**WHAT THIS TASK INVOLVES**
Beginning with the line that contains "Favorite Tiktokshop Plug", copy each subsequent line of the data below through the last one, including both ends but not the pictures.

**RECORDED DATA**
● ● ● ● ●
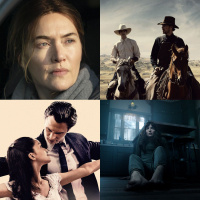 Nuestras Favoritas del 2021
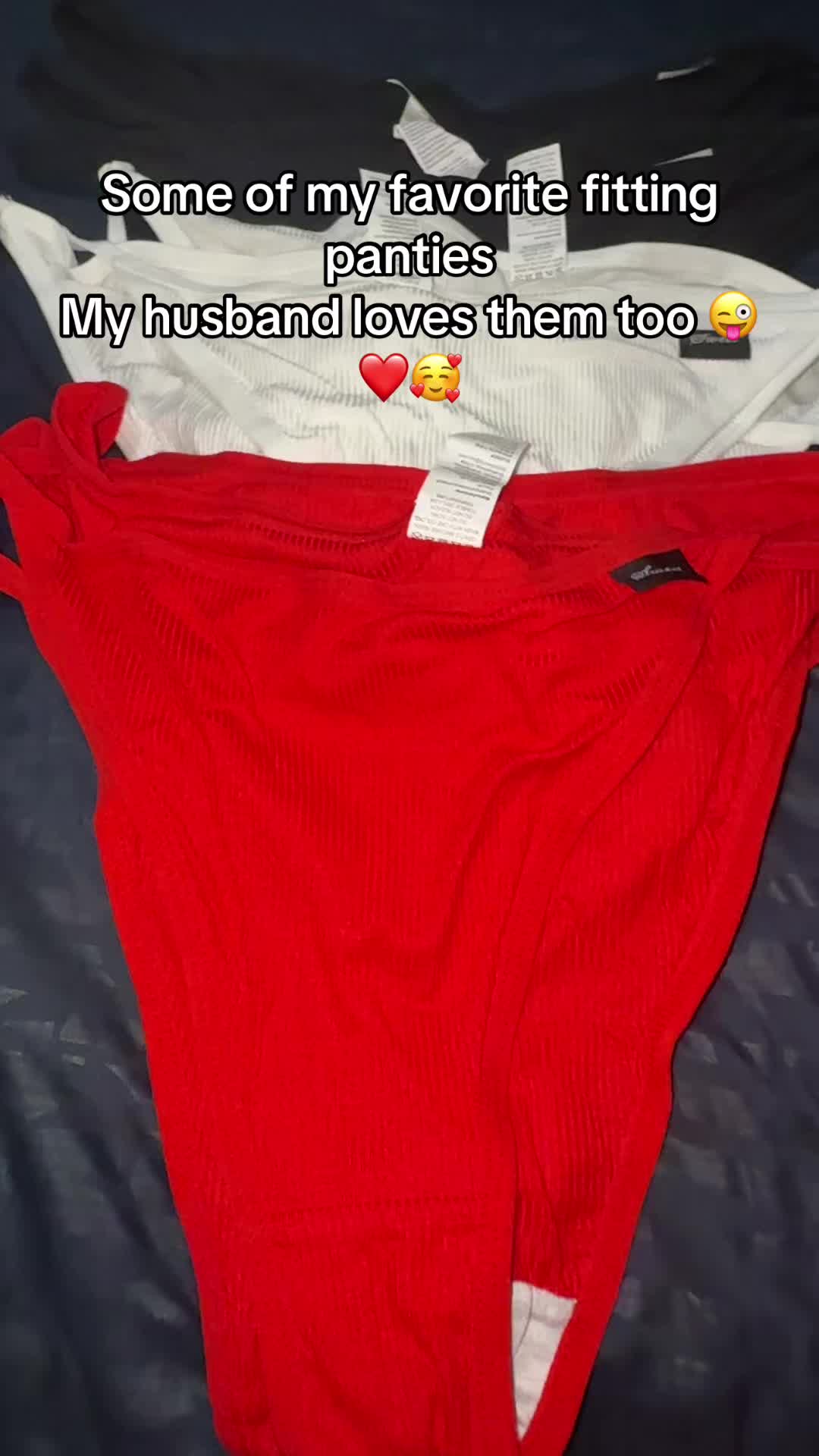 @Your Favorite Tiktokshop Plug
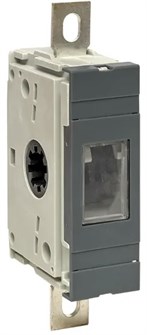 {{photo.Alt || photo.Description || 'Полюс дополнительный  EKF tb-s-160-dp'}}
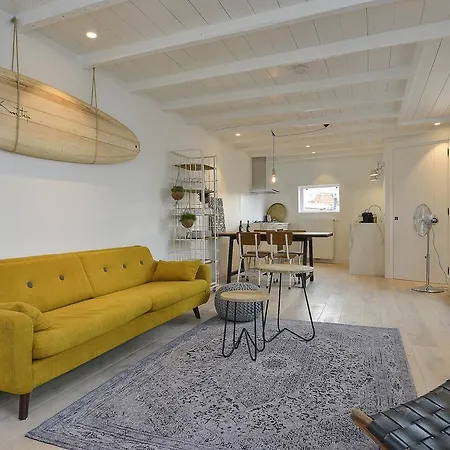 Endless Summer Zandvoort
● ● ● ● ●
**OUTPUT**
 @Your Favorite Tiktokshop Plug
 {{photo.Alt || photo.Description || 'Полюс дополнительный  EKF tb-s-160-dp'}}
 Endless Summer Zandvoort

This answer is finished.